Awesome

Forest Structural Complexity Tool

Created by Sean Krisanski

Purpose of this tool

This tool was written for the purpose of allowing plot scale measurements to be extracted automatically from most high-resolution forest point clouds from a variety of sensor sources. Such sensor types it works on include Terrestrial Laser Scanning (TLS), Mobile Laser Scanning (MLS), Terrestrial Photogrammetry, Above and below-canopy UAS Photogrammetry or similar. Very high resolution Aerial Laser Scanning (ALS) is typically on the borderline of what the segmentation tool is capable of handling at this time. If a dataset is too low resolution, the segmentation model will likely label the stems as vegetation points instead.

There are also some instances where the segmentation model has not seen appropriate training data for the point cloud. This may be improved in future versions, as it should be easily fixed with additional training data.

A video showing the outputs of the tool is provided here: https://youtu.be/rej5Bu57AqM

Installation

You will need to install all packages in the requirements.txt file.

If using Anaconda, create a clean environment and activate it. In Anaconda Prompt, type the following (replacing the path to FSCT and your desired environment name as needed):

cd PATH_TO_FSCT-MAIN_DIRECTORY
conda create --name YOUR_ENVIRONMENT_NAME_HERE python==3.9
conda activate YOUR_ENVIRONMENT_NAME_HERE
conda install pip
pip install -r requirements.txt

This should hopefully install all required packages for you. These are the instructions for Windows 10 and Linux. I have not tested this on Mac. If someone with a Mac tests this and it works (or doesn't), please let me know!

If you have any difficulties or find any bugs, please get in touch and I will try to help you get it going. Suggestions for improvements are greatly appreciated.

If you do not have an Nvidia GPU, please set the use_CPU_only setting in run.py to True.

How to use

Open the "run.py" file and set num_procs and batch_size appropriately for your computer hardware. Adjust the parameters if needed or leave them as they are.

Run the "run.py" file. This will ask you to select 1 or multiple ".las" files. If all goes well, you will have a new directory in the same location as the ".las" file/s you selected and once complete, this will contain the following outputs.
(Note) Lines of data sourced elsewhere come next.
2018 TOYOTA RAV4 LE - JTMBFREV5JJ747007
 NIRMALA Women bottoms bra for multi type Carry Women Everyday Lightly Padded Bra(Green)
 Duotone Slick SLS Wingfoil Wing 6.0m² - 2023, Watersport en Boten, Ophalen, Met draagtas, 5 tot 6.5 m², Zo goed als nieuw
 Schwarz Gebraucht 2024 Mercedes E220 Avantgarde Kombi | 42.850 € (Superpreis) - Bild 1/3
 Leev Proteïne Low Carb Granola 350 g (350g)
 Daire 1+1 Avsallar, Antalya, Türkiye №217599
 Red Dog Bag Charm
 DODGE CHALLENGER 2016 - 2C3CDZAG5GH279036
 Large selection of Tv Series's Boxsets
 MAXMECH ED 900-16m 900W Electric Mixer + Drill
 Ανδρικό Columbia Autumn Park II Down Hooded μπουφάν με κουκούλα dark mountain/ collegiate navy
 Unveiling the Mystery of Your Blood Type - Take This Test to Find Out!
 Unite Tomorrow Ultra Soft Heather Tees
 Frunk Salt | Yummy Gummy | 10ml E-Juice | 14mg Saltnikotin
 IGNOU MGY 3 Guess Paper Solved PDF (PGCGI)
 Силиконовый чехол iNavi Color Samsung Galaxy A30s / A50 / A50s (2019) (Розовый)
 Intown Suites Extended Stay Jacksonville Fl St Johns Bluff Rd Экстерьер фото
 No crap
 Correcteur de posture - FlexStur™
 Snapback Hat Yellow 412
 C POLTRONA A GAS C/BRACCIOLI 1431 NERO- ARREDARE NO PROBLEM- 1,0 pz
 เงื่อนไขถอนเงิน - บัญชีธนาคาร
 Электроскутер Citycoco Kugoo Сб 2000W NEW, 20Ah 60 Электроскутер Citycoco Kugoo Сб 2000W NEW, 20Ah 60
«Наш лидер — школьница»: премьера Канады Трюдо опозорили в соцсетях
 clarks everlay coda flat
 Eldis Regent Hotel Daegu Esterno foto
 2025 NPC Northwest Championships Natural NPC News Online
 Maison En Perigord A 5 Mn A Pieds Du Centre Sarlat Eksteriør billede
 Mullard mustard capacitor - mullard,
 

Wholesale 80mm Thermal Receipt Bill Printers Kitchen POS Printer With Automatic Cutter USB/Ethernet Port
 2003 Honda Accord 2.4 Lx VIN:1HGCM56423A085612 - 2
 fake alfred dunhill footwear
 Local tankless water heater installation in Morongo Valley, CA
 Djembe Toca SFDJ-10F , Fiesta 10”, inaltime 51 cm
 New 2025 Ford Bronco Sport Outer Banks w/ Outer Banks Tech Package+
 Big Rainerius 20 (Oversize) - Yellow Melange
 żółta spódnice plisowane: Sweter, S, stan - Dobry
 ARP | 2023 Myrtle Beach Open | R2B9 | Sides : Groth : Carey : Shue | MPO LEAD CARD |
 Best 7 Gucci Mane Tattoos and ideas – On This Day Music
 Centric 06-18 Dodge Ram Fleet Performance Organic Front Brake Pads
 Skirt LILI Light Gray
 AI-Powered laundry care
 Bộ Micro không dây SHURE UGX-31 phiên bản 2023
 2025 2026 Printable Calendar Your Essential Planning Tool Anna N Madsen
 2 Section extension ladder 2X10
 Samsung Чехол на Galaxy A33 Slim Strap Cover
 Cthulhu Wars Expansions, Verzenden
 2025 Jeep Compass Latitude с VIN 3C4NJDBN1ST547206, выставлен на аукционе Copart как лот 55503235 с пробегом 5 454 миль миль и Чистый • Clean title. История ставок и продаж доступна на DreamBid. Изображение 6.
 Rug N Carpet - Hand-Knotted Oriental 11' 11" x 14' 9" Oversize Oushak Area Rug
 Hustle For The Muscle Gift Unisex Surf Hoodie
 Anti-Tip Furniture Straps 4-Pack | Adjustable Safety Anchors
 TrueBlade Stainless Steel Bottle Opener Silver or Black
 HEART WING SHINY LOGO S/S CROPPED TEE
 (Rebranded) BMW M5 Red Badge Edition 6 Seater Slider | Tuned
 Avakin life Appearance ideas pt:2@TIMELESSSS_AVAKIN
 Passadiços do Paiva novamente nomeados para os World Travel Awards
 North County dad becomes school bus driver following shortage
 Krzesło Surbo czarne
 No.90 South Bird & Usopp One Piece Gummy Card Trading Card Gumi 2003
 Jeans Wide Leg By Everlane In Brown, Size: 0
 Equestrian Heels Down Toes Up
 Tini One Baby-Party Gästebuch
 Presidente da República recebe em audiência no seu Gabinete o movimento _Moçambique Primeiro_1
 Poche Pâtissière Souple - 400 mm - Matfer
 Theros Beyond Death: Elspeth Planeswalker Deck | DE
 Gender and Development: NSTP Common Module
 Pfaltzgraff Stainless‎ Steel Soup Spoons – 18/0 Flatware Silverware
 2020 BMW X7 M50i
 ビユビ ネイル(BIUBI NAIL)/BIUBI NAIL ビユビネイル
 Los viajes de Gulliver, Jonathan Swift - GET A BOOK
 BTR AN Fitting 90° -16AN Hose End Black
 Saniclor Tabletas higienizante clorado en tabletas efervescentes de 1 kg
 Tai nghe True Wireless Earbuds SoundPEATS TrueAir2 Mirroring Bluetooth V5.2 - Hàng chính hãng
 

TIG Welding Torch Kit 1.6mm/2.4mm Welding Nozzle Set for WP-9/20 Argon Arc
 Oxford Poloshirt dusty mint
Start with small plots containing at least some trees. The tree measurement code will currently cause an error if it finds no trees in the point cloud.

FSCT Outputs

Plot_Report.html and Plot_Report.md A summary of the information extracted. Nicer to look at than the processing report, but still a bit ugly in Version 1. Future versions may make this a bit nicer/add data tables/etc.

tree_data.csv Basic measurements of the trees.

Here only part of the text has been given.